To help cyber professionals attain AI skills, CompTIA is developing a new certification program called SecAI. The course will target cyber people who already have three to four years of experience in a core cybersecurity job. The curriculum will include practical AI skills to proactively combat emerging cyber threats, integrating AI into security operations, defending against AI-driven attacks, and compliance for AI ethics and governance standards.

CompTIA hopes to offer the SecAI certification starting in Q1 2026. Thibodeaux says the course might also give companies a more standardized way to vet the AI skills of cybersecurity job candidates.

AI’s impact on cybersecurity skills gap

Cybersecurity has been plagued by a chronic talent shortage and skills gap for decades. While AI could ease that situation somewhat, Watson contends artificial intelligence use has only stopped the cyber talent shortage from worsening so far, by “stabilizing it over the last two or three years at about four million [unfilled positions].”

An ISC2 report asserts that although AI is “unlikely … to make major inroads into closing” the global cyber talent gap, it will allow current cyber professionals “to focus on more complex, high value and critical tasks” on the job, echoing the findings of Watson’s EY research.

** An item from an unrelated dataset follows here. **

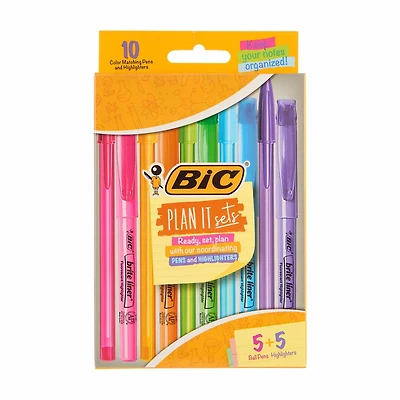 Bic Plan It Color Matching Pens and Highlighters, Set of 10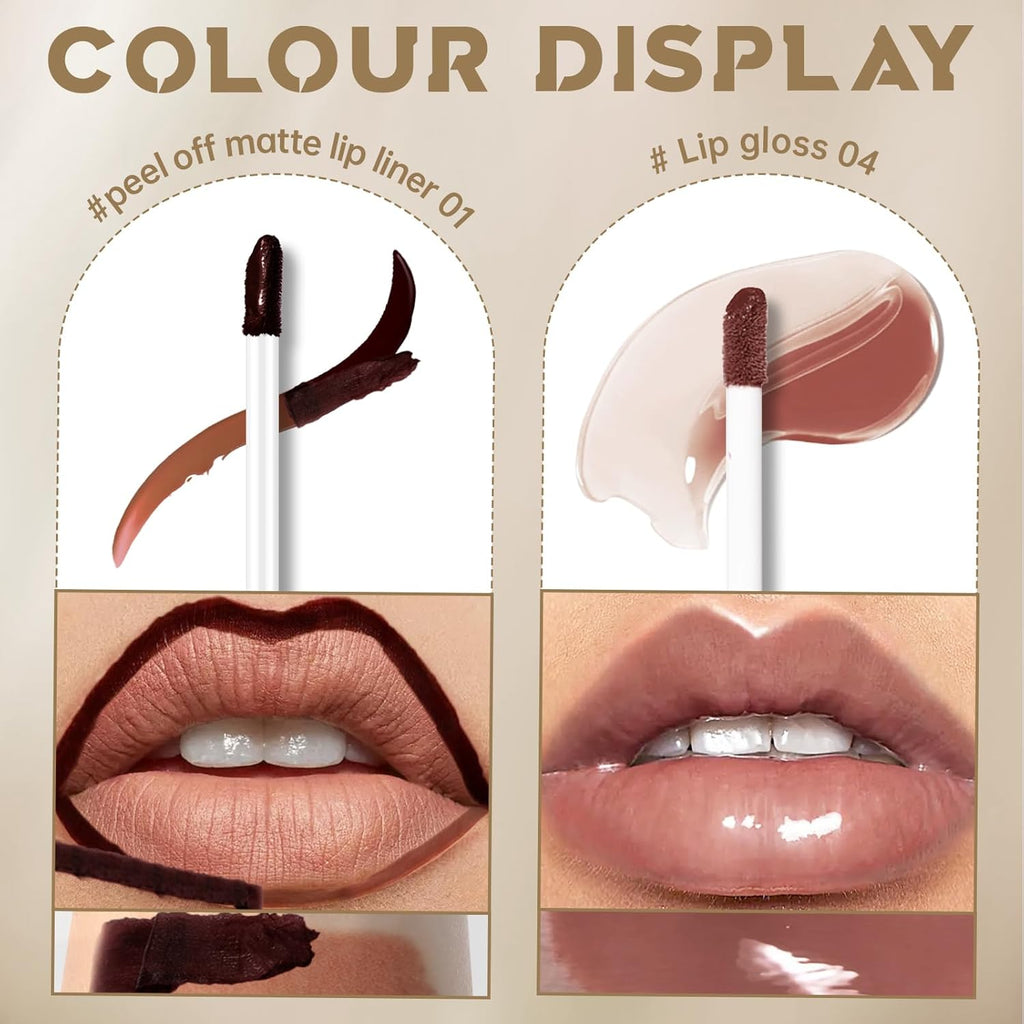 HOSAILY Peel Off Lip Liner Stain Tattoo, Long Lasting Waterproof Lip Stain Peel off, Tattoo Nude Lip Liner and Lip Gloss Combo, Non-Stick Cup Nourishing Lip Gloss Set Lipstick Makeup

Looking further into the future, Thibodeaux wonders if predictions of mass AI-based job losses in cybersecurity are hyperbolic rhetoric run amok. He points to the fact that, contrary to predictions made a decade ago, autonomous vehicle technology hasn’t put millions of truck, taxi, and bus drivers out of work worldwide.

“It’s like that Bill Gates quote that we overestimate things in the short term and underestimate them in the long run,” Thibodeaux says. “AI is evolving. We don’t know if any of these cyber job roles will be completely eliminated.”

As artificial intelligence takes over a rising number of technical cybersecurity tasks, Watson says one of the best ways security workers can boost their employment value is by sharpening their human skills like business literacy and communication: “The role is shifting to be one of partnering and advising because a lot of the technology is doing the monitoring, triaging, quarantining and so on.”

Diamond similarly argues that the biggest issue in cybersecurity isn’t AI, it’s EQ (emotional intelligence quotient). “Our EQ skills and executive leadership are still way too technical versus people skills.”

Diamond cites a survey conducted at the 2025 RSA conference in which 44% of cyber professionals said they’re in a “toxic work culture” – perhaps the one vulnerability on any security team that can’t be resolved by AI or automation.